Data deduplication efforts have traditionally focused on backups and archives, but new unstructured data types and the continuing surge in data volumes are straining hardware and other resources. By applying deduplication when the data elements are created, you can improve storage efficiency, although you risk slowing the performance of your applications.
The more storage options your company uses, the more likely you're paying to store duplicate copies of text files, media, and other resources. This makes data deduplication more important than ever for efficient storage management. At the same time, finding and removing duplicate data has never been more challenging.
Deduplication has long been the province of data backups and archives. But storage executive Arun Taneja recommends deduping data when it is created. Taneja is quoted in a October 2014 TechTarget article written by Alex Barrett.
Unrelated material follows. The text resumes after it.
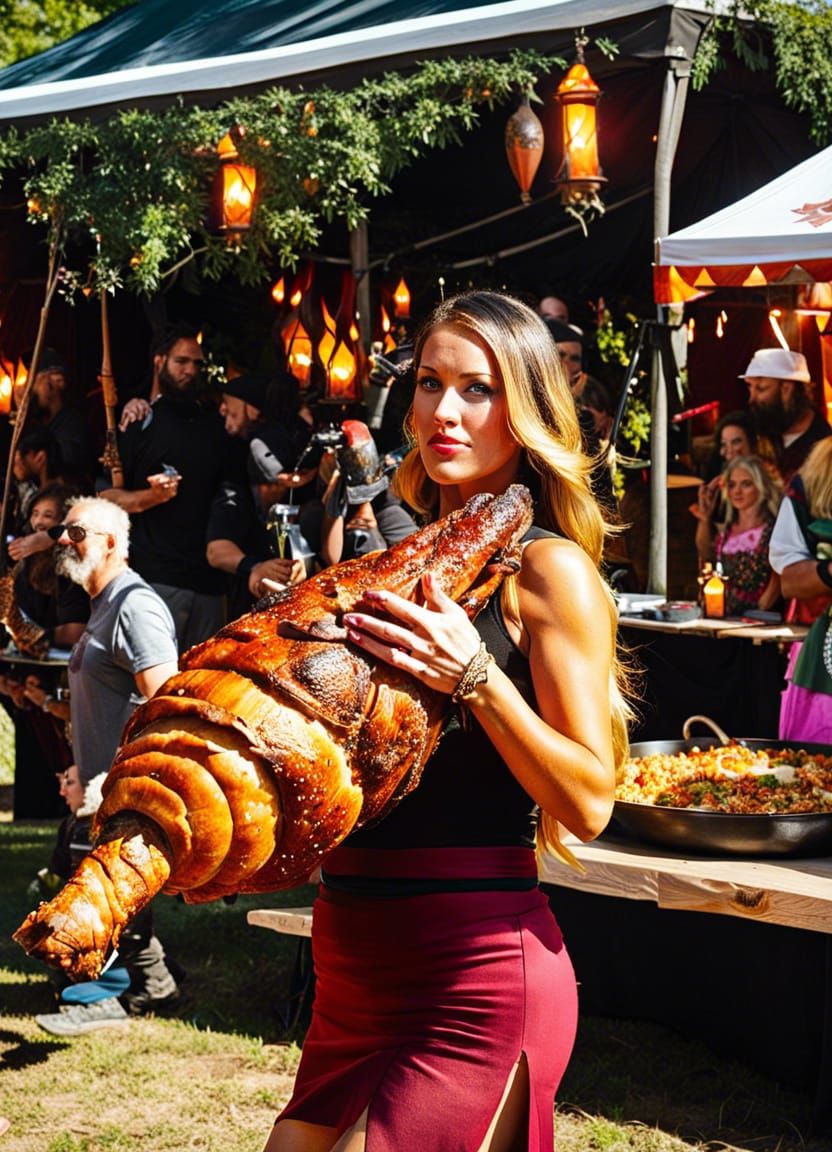 Goddess Enjoys Turkey Leg at RenFest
Organizations may hesitate to run deduplication on their primary data, but the advantages in terms of space savings and processor efficiency make the practice worthwhile. For example, text files and virtual desktop environments can realize 40:1 deduplication rates, although 6:1 deduplication rates are considered a good average by storage vendors.
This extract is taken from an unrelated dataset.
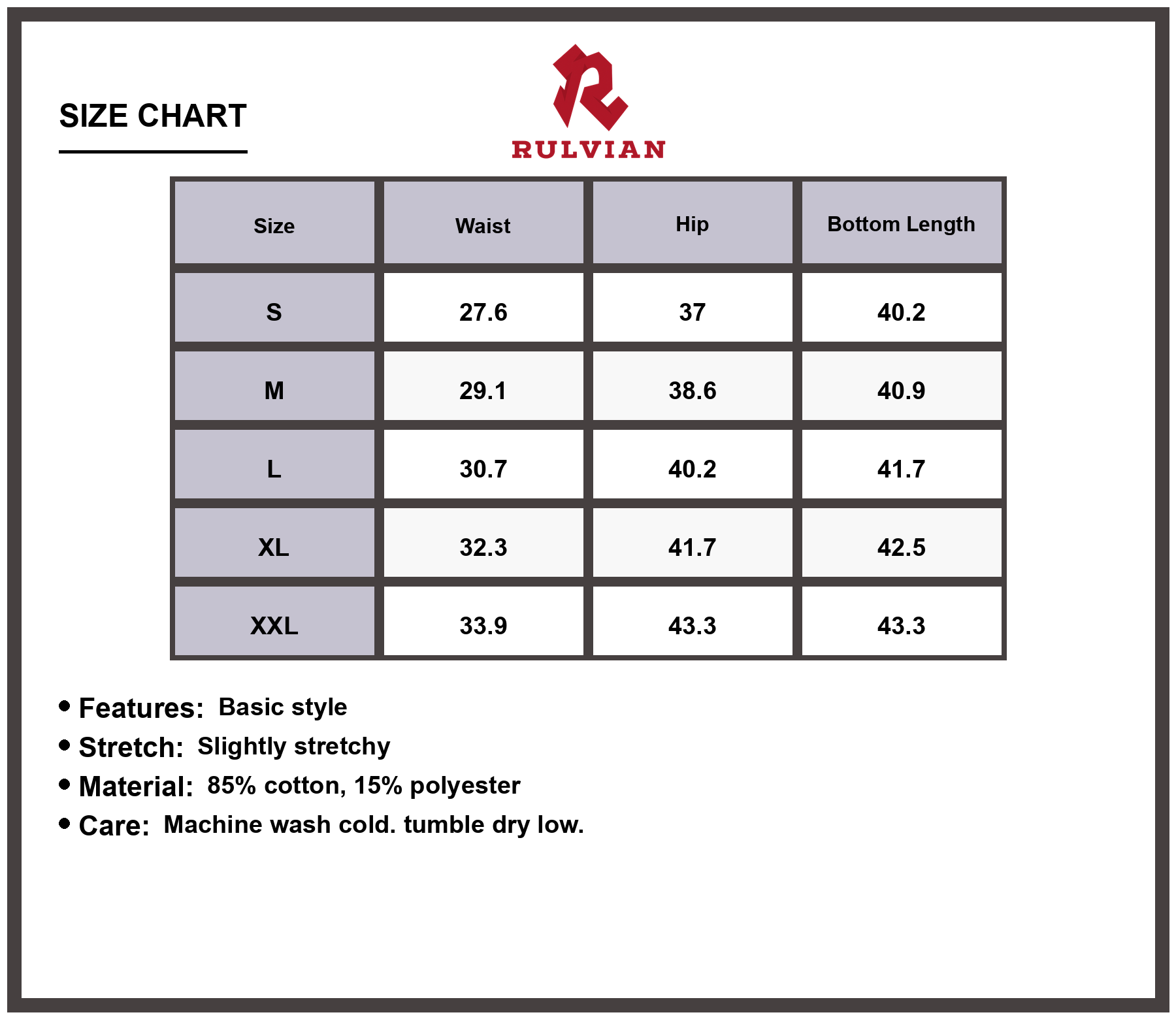 Size Chart - Men's Wide Leg Cargo Jeans Slightly Stretchy Durable Denim Pants for Casual Everyday Wear Relaxed Fit Modern Streetwear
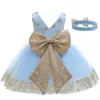 Baby Girls dress Kids Wedding Bridesmaid Princess Dress With Big Bow Girls Dresses Star Christmas Party For 9M5Yrs2949601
On the other end of the spectrum, encrypted backups and video files aren't amenable to hash-based in-line deduplication. And compressed files in general dedupe poorly or not at all.
In-line deduplication puts efficient storage front and center
Running deduplication on primary data introduces the possibility that applications will be made to wait as data is written or read. If application performance is paramount, deduplication is shifted to post-processing. This maximizes processor cycles, but it requires more primary storage, which negates one of the principal advantages of deduplication: storage savings.
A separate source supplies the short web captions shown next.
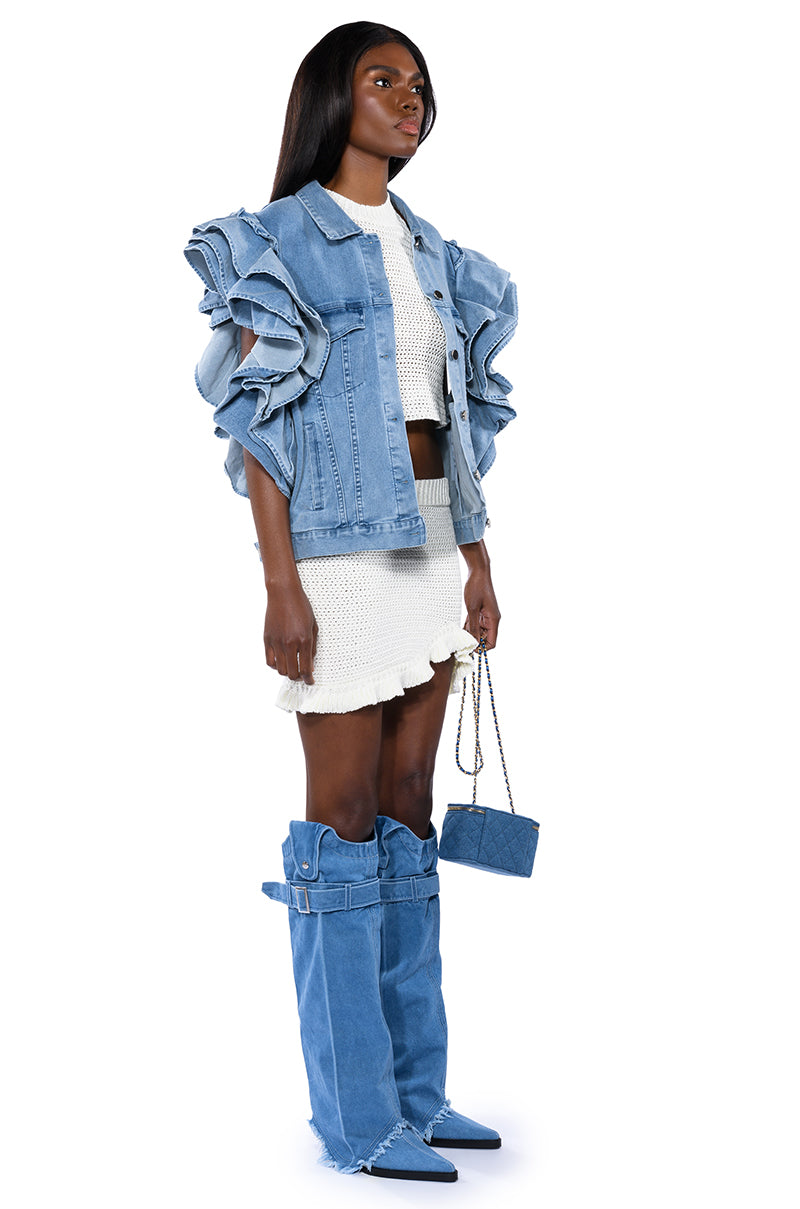 CARLOTTA RUFFLE SLEEVE DENIM VEST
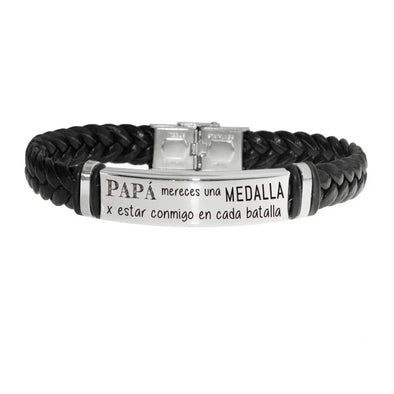 "Daddy you deserve a medal for being with me in every battle" bracelet made of stainless steel and braided leather-original Father's Day gifts-Jade jewelry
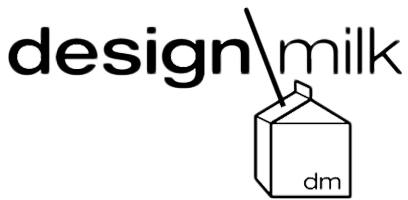 The image shows the words "design milk" with a minimal line drawing of a milk carton and a straw; the carton is labeled "dm.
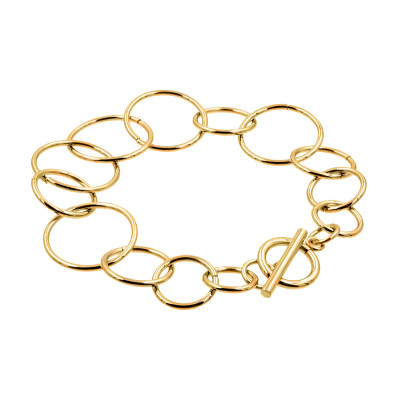 Gold-plated stainless steel bracelet with movable elements in an elegant minimalist style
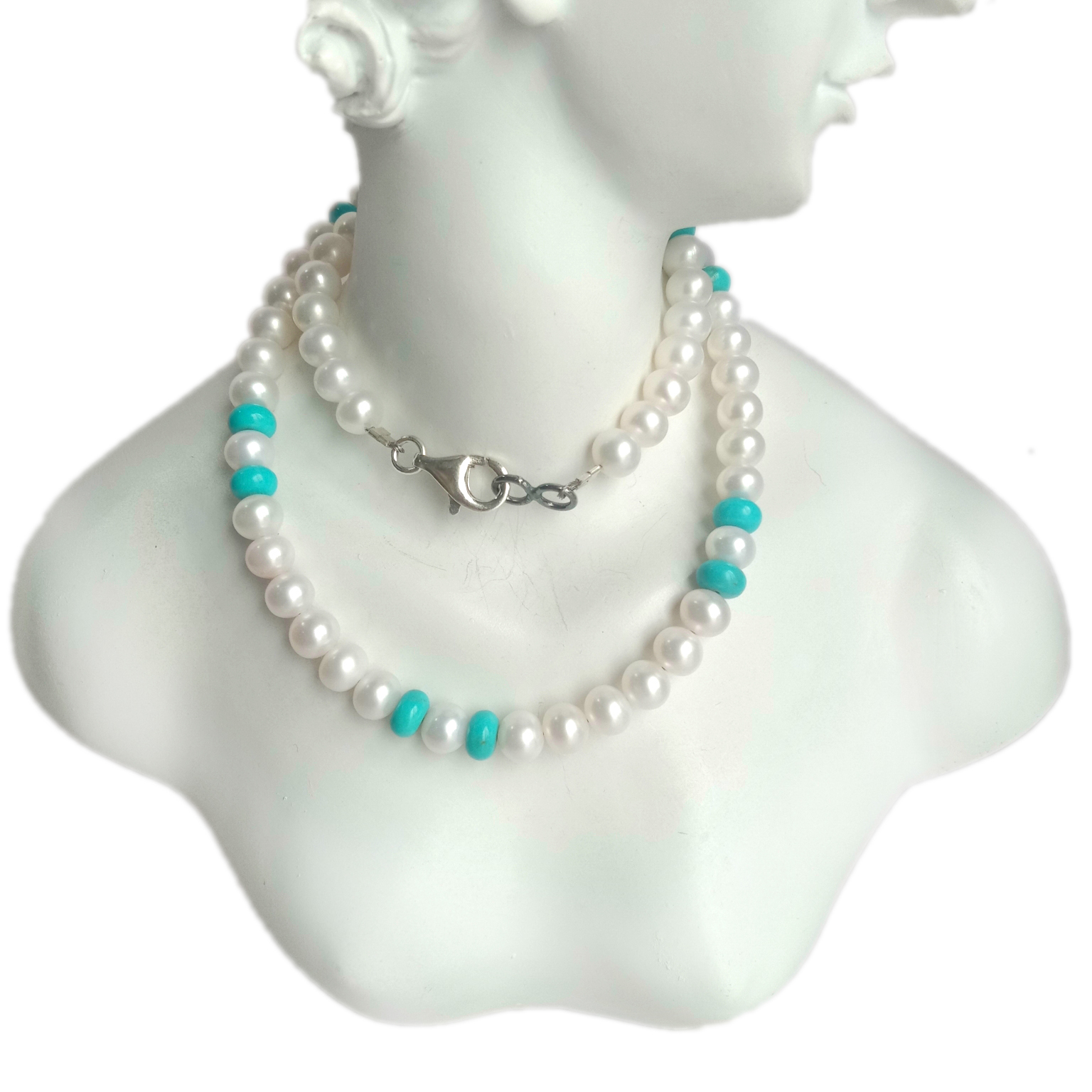 ನೈಜ ನೀಲಿ ವೈಡೂರ್ಯ ಮತ್ತು ಮುತ್ತಿನ ಹಾರ 925 ಸ್ಟರ್ಲಿಂಗ್ ಸಿಲ್ವರ್ ರತ್ನದ ಆಭರಣ ನೆಕ್ಲೇಸ್ 14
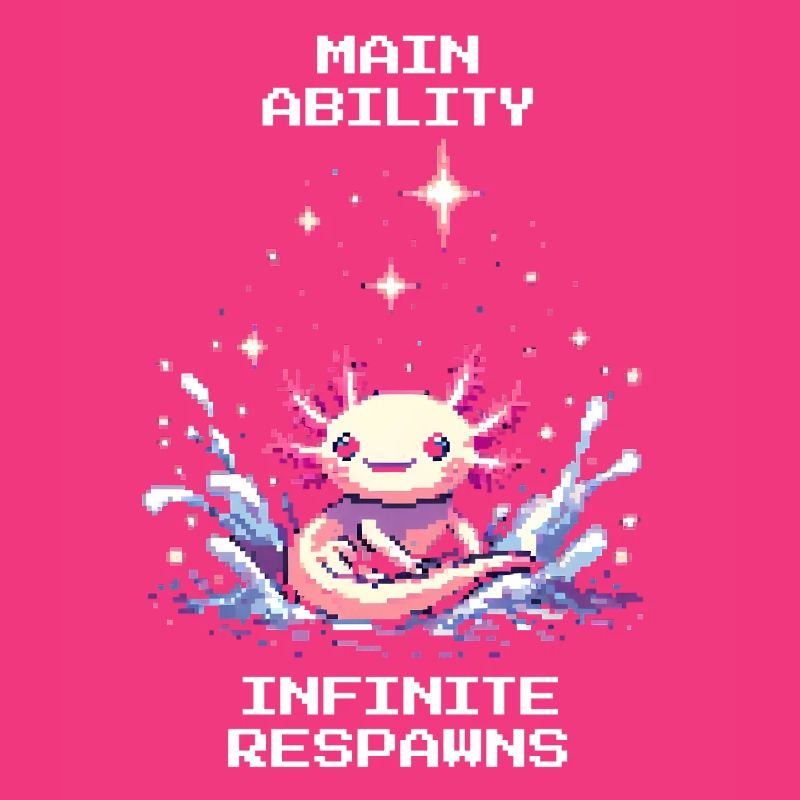 Puissance de l’axolotl | Infinite Respawns Retro Pixels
In a September 2014 TechTarget article, Brien Posey offers two reasons why in-line, software-based deduplication is worth the possible performance hit: first, your existing hardware likely can handle the added processing load without any noticeable degradation; and second, any performance reduction that results may be worth the savings in other areas, particularly in improved data transmission rates.
Today's deduplication challenges will only become more thorny as new types of data -- and much more of it -- find their way into your business's day-to-day operations. In an April 24, 2014, post on Wired, Sepaton executive Amy Lipton points out that efficient data management now requires scalability beyond simply buying more hardware to expand existing data silos.